I say this because of some careless talk around the city immediately after this past year’s municipal election that the AEDC board should resign en masse. That talk subsided immediately, for which I am grateful.

I had the chance to watch David up close for many years while I was working as editorial page editor of the Amarillo newspaper. I’ve had many discussions with him during that time and since my departure from the paper more than three years ago.

I consider David to be an impressive individual with loads of business savvy. If you ask him about criticism of certain projects AEDC brought to Amarillo, he’s straightforward and direct in answering them.

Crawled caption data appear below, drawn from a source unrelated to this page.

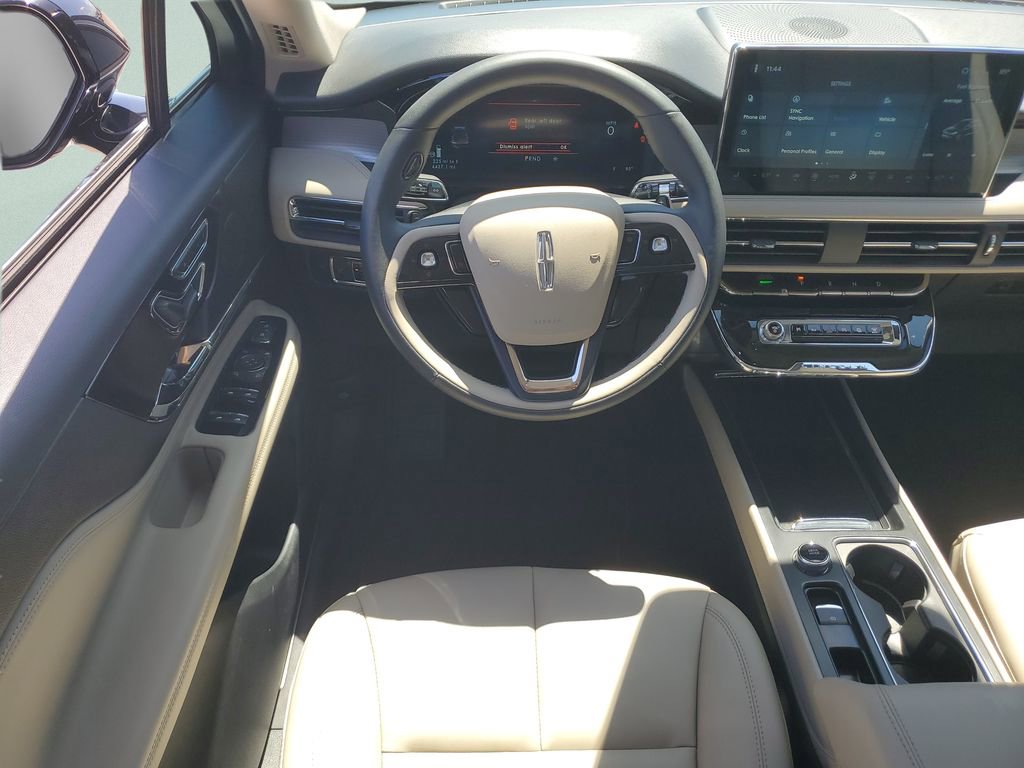 Used 2025 Lincoln Corsair FWD image 12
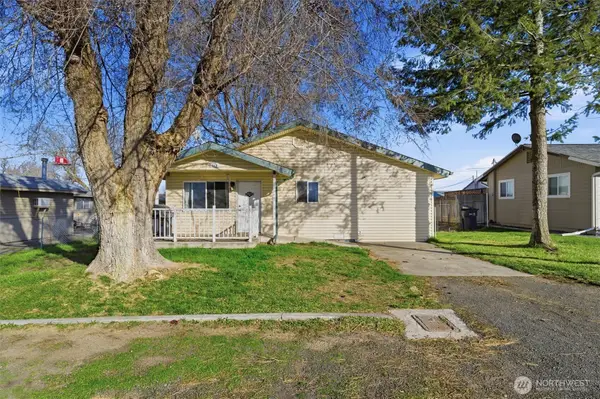 762 S 2nd Avenue, Connell, WA 99344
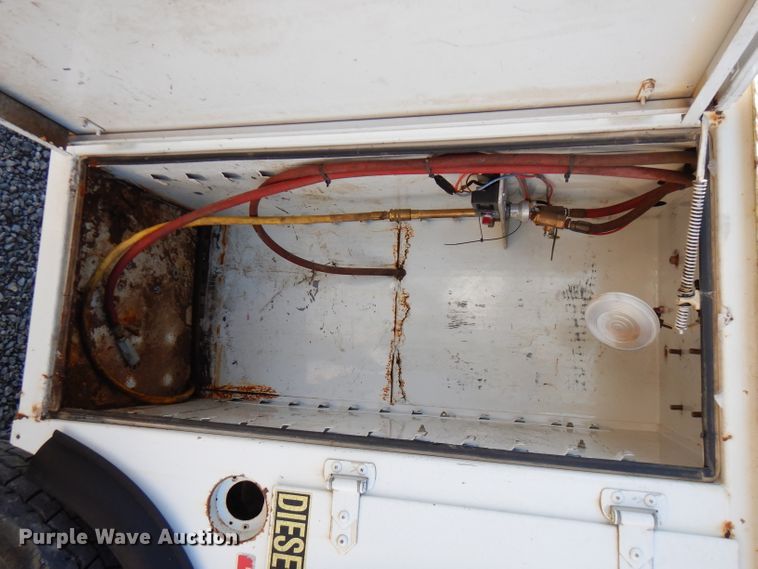 image for item FW9979 2002 Freightliner FL70  Crew Cab service truck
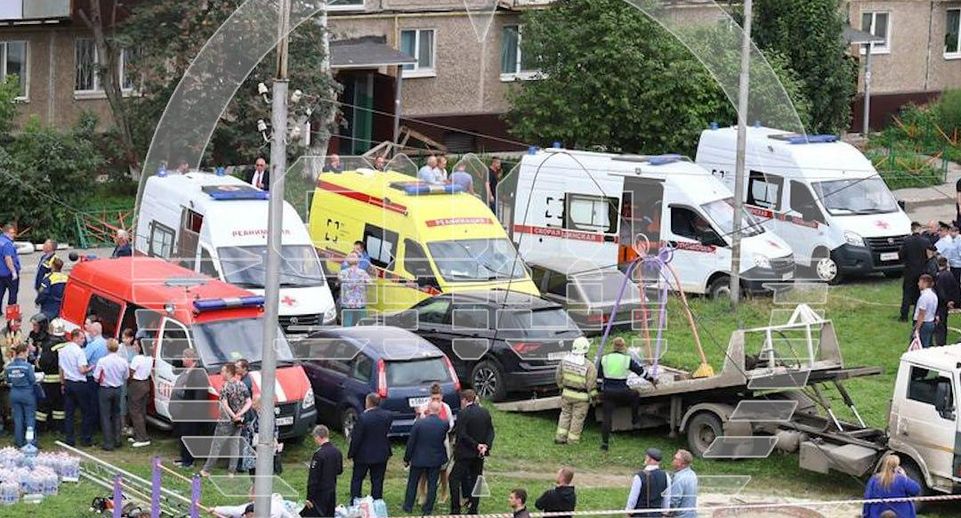 В Нижнем Тагиле спасатели достали из-под завалов рухнувшей пятиэтажки школьницу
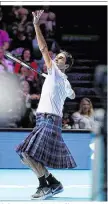  ??  ?? Schottenro­ck ’n’ Roll: Roger Federer beim Benefiz in Glasgow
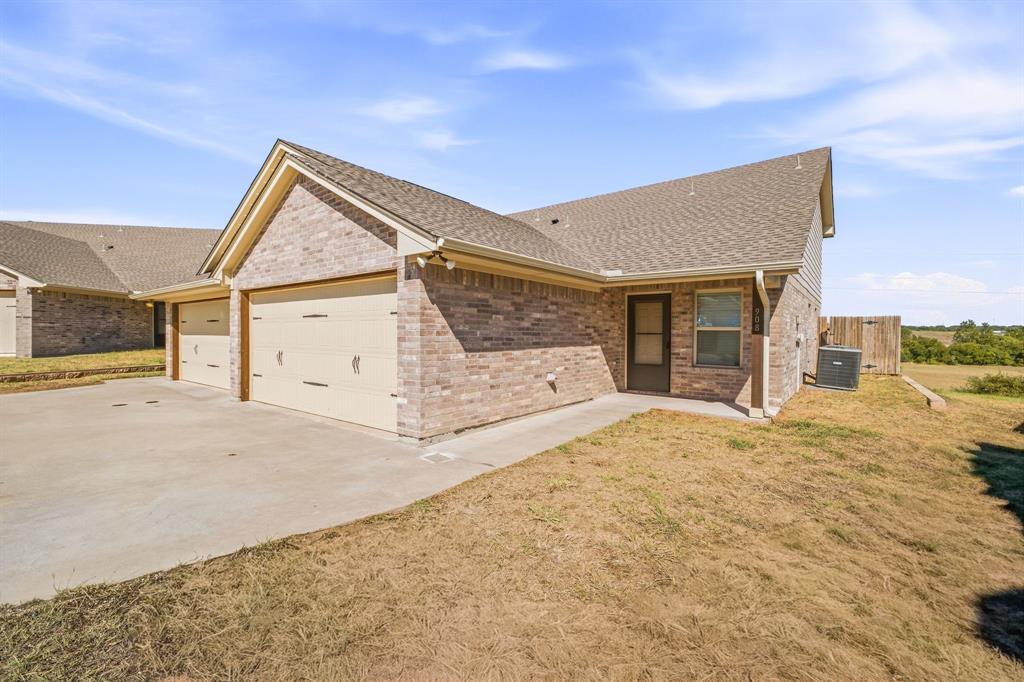 908 Dart Court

I once inquired about the Hilmar Cheese plant that AEDC awarded several million dollars to build in Dalhart. David’s response? The money was well-spent, given that the economic impact of that operation ripples far beyond Dallam and Hartley counties.

The Bell aircraft assembly operation came into being before David arrived at AEDC. It, too, has produced huge economic impact for the region. On David’s watch at AEDC, the operation has continued to expand.

AEDC’s strategy is to use the money it accrues from the half-cent municipal sales tax it collects and then doles it out to businesses interested in locating in Amarillo.

That strategy drew considerable scorn from the Dallas-Fort Worth media after Amarillo managed to lure the Bell aircraft operation from Tarrant County to its current location next door to Rick Husband Amarillo International Airport.

It worked! Period.

Yes, there have been some hiccups along the way. Businesses that set up shop here after receiving AEDC assistance have failed.

The bottom line, though, looks good.

I wish Buzz David well as he moves on to his next station in life.

Moreover, my hope is that the city doesn’t mess with the successes built by its economic development corporation.